_DESCRIPTION OF THE TASK_.
Once the line holding "-麦当劳(健德桥得来速店)" is found, output it and all remaining lines of the data exactly, with every picture left out.

_EXTRACTED DATA_.
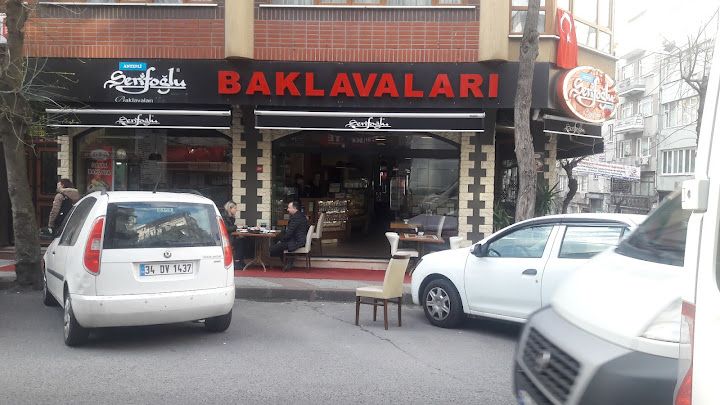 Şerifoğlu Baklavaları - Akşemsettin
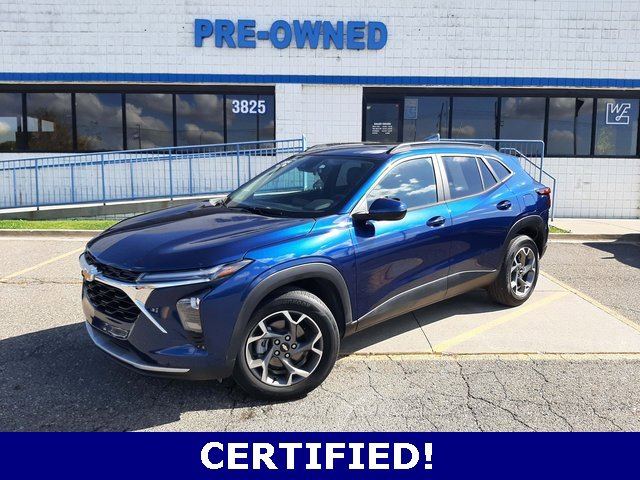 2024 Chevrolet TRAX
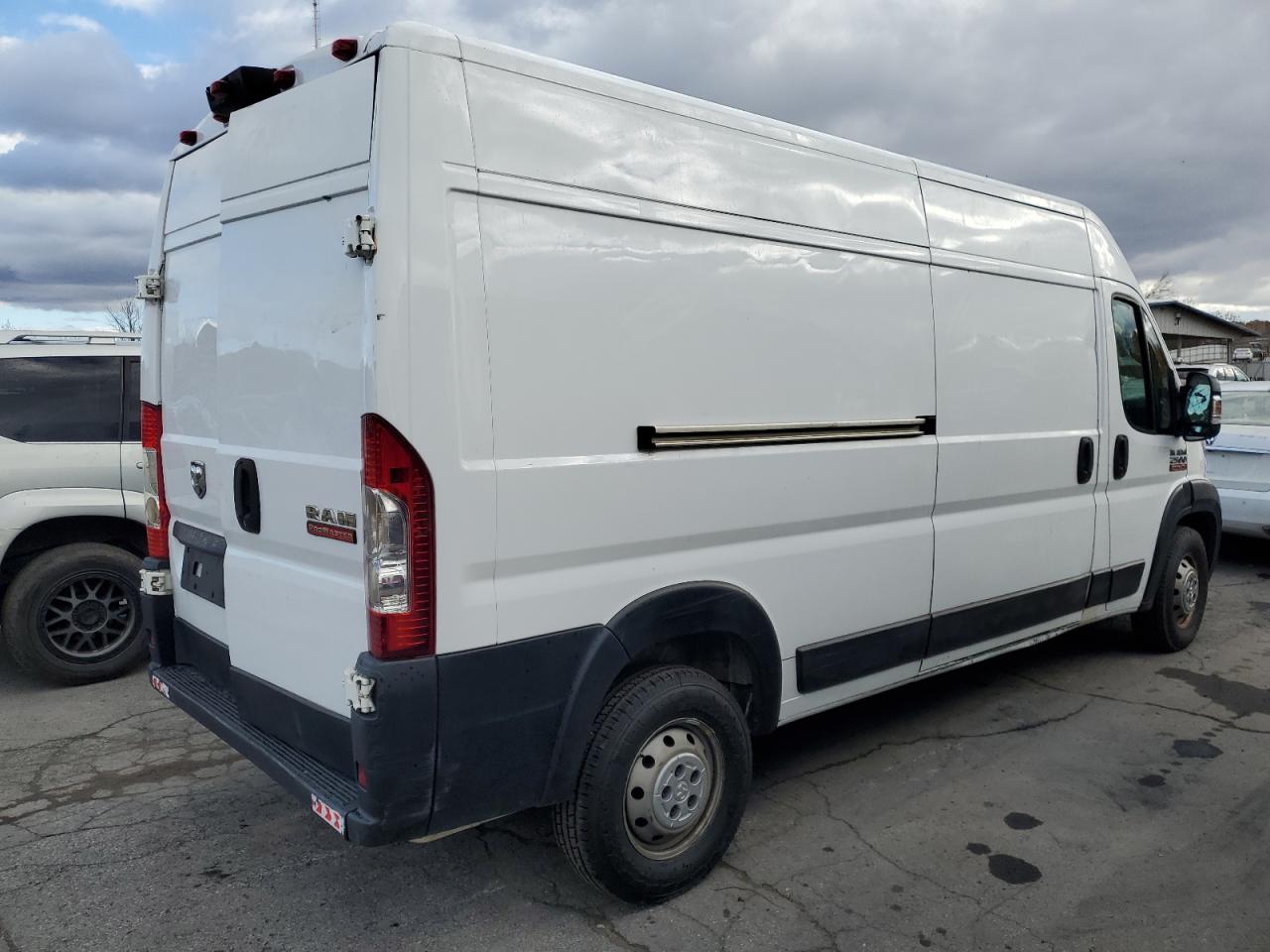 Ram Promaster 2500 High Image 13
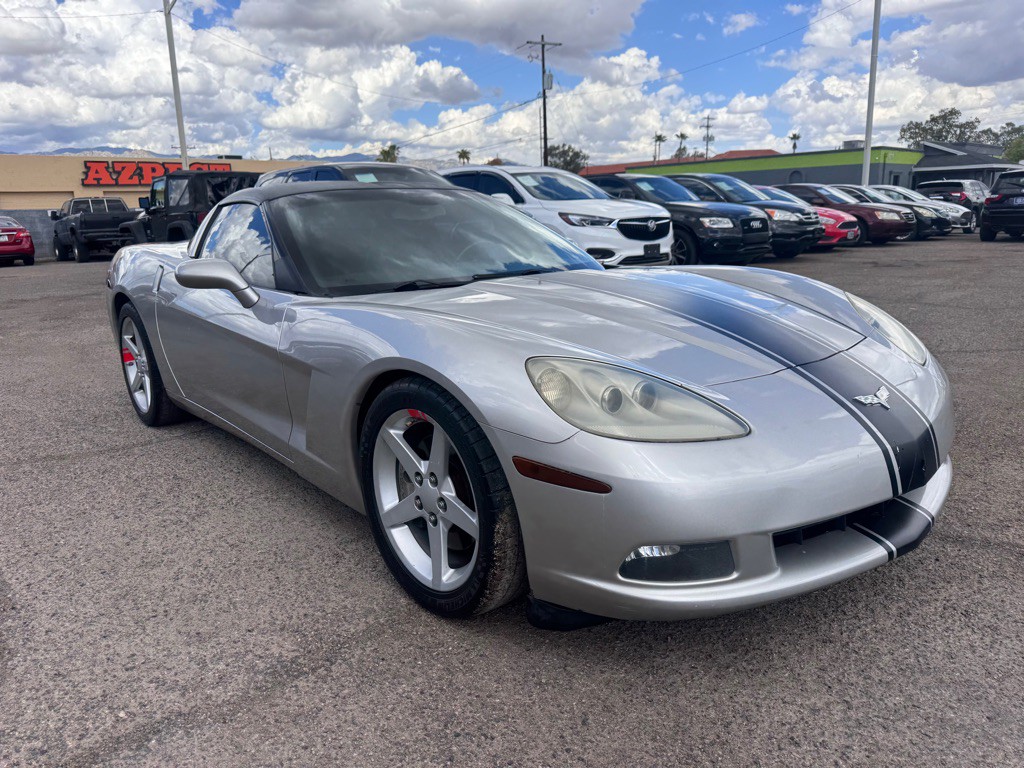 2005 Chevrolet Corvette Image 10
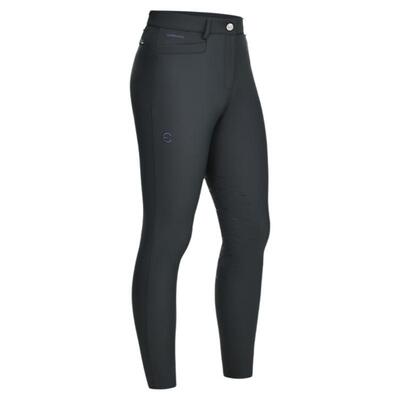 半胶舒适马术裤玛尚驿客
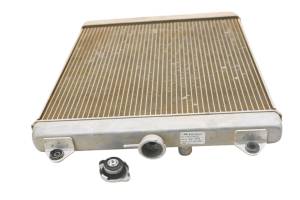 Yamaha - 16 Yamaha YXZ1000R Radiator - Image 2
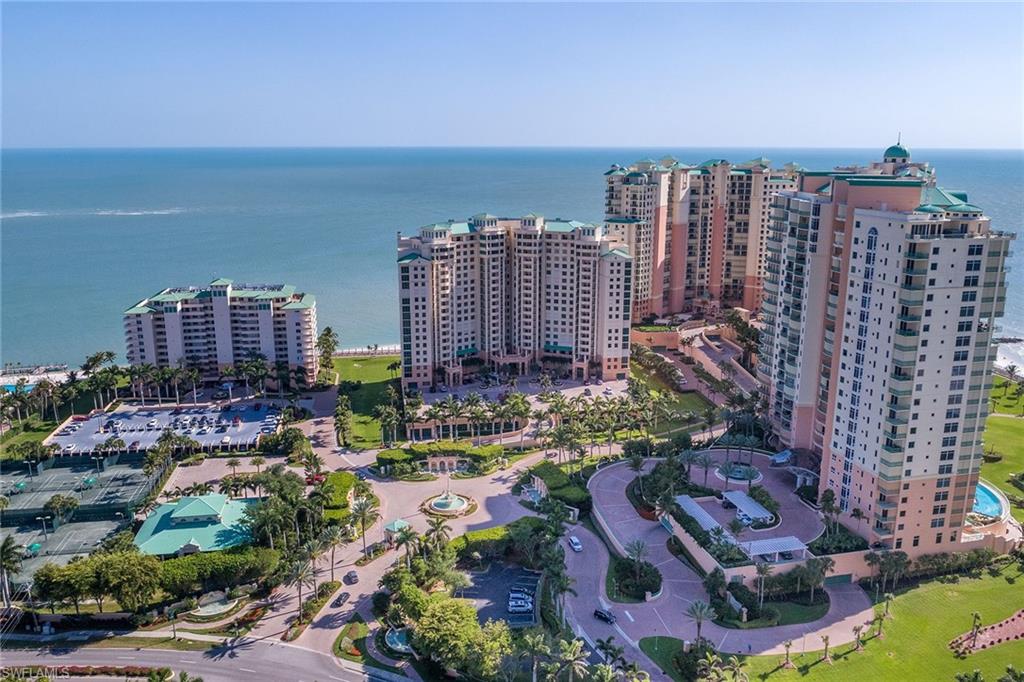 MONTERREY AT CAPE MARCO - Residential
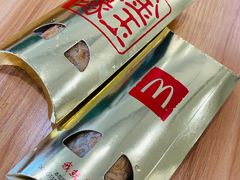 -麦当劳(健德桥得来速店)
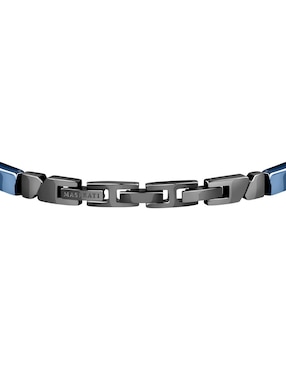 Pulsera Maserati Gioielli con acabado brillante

_REPLY_.
 -麦当劳(健德桥得来速店)
 Pulsera Maserati Gioielli con acabado brillante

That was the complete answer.